# Wireless Connectivity Problem with Fujitsu Lifebook Series E



## Tracyk0915 (Dec 31, 2012)

I have a Fujitsu Lifebook Series E that used to connect to the internet but will not connect now. It will not recognize or list any wireless connections available. Actually, I can't even pull up an empty list of wireless connections available. It does have a local area connection but it says a network cable is unplugged. I know it may be a faulty wireless card but I don't know how to test it or, if it is bad, where the find it to replace it. Can someone please guide me through the steps to either fix the connection or determine if my wireless card is bad? I appreciate any and all help. Thank you!


----------



## etaf (Oct 2, 2003)

is the wireless switched on - often a physical switch or a combination of the FN and one of the F keys to toggle the wireless on off

can we see an xirrus screen shot
*------------------------------------------------------------------------*
* Run Xirrus Wi-Fi Inspector  
Download and install*
If you cannot access the internet with this PC, then you will need to copy the program across to the faulty PC
Save the file to a USB flash drive or other removable media. Plug it into the working computer with internet access and copy the file and install the program. 
You will now need to take a screen shot and copy that back to the working PC and attach the screen shot in a reply on the forum here.

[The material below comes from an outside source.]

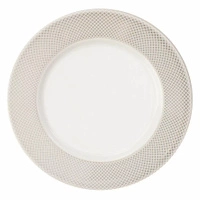 Talerz płaski beżowy NORWICH - 16cm | VERLO V-17010-12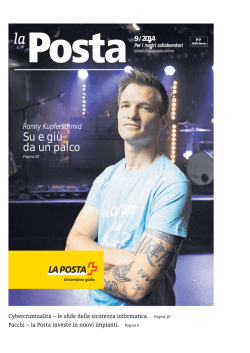 Se questo PDF risulta inaccessibile, vi preghiamo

http://www.xirrus.com/Products/Wi-Fi-Inspector.aspx
Direct link to the program is here http://info.xirrus.com/Wi-FiInspectorConfirmation.html

_{If the above link does not work heres another link http://www.pcworld.com/downloads/file_download/fid,77196-order,4/download.html}_

Then run and install the program - on a wireless enabled PC/Laptop
if you get an error - You need will need to have NET Framework installed for the WiFi Inspector to function.
On windows 8 - (i do not have windows 8) but, it would appear that, When you first try to run, you may get a message that .net framework is needed, and included in that message is a link to download/install.

Run the program

A user guide is available here http://www.xirrus.com/cdn/pdf/Xirrus-Wi-Fi-inspectorguide-1-2-1-RevB-6.aspx

post a screen shot of the program running.
if there are a lot of networks showing can you click on *"networks"* top lefthand area - so we can see all the network information.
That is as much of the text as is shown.